There have been a number of requests for duck call tutorials. I haven't had time to complete one due to lack of recent shop time, but will get around to it eventually.

In the meantime, there are some awesome references and tutorials on my favorite callmaking site, THO game forums, so I thought I'd post a few links that might help those interested in learning.

I am primarily making reelfoot-style duck calls, named such after Reelfoot Lake in TN. Reelfoot calls are distinctive in that they have flat toneboards and curved metal reeds. Fred Roe, a talented callmaker in Alabama, put together this fantastic tutorial.

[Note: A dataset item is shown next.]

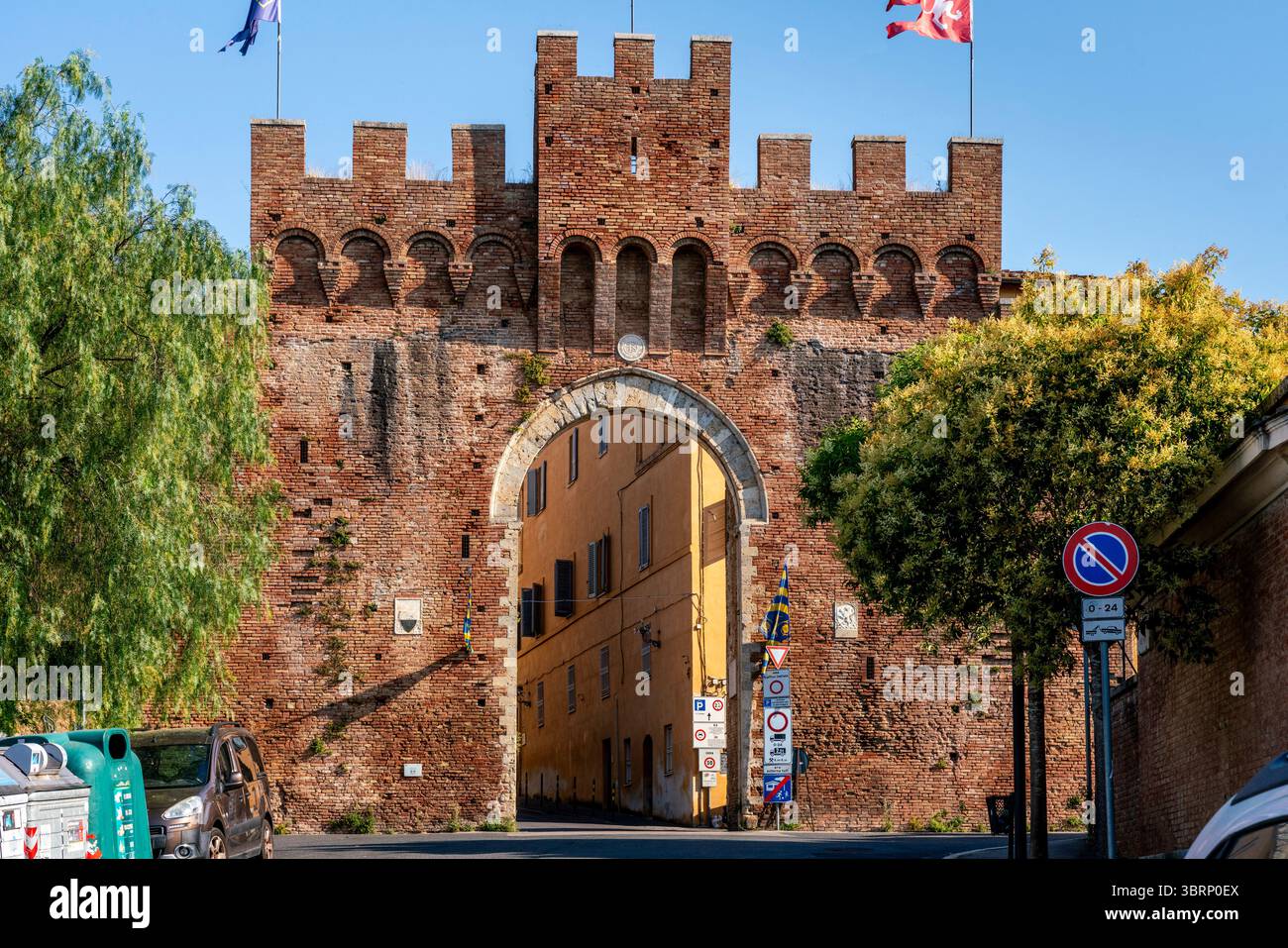 La porta Tufi (porta Tufi) mura medievali, Siena, Toscana, Italia. Foto Stock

http://thogamecallsforums.com/index.php/topic,14637.0.html

Fred uses a milling machine and some specialized jigs, but don't be intimidated by that... with a little creativity you can do without both. Here is a link that has pics of one of my setups:

http://thogamecallsforums.com/index.php/topic,18112.0.html

The more common calls on the market today are Arkansas-style calls. They are smaller and feature a curved toneboard and flat, mylar reeds. The following is a good tutorial on making an Arkansas insert.

http://thogamecallsforums.com/index.php/topic,1531.0.html

Again, this author (who is a very talented callmaker) is using a specialized jig, which you don't need to get started. Their real value is replication of your design, not initial creation of it. My first jig was one I made from hardwood that looked very similar. You just have to figure out how to use the jig without damaging it (I colored mine with a marker so I could tell when cutting/sanding/filing too close).

Since Ark calls are so readily available, as are premade inserts from Echo, I'd start by turning barrels and playing with/modifying premade inserts so you can learn how different reeds and mods to toneboard shapes and curves impact sound before migrating to making inserts.

Hope these help someone get started. I'll be glad to help further if I can... but there are very helpful and much more talented folks than I on THO.


----------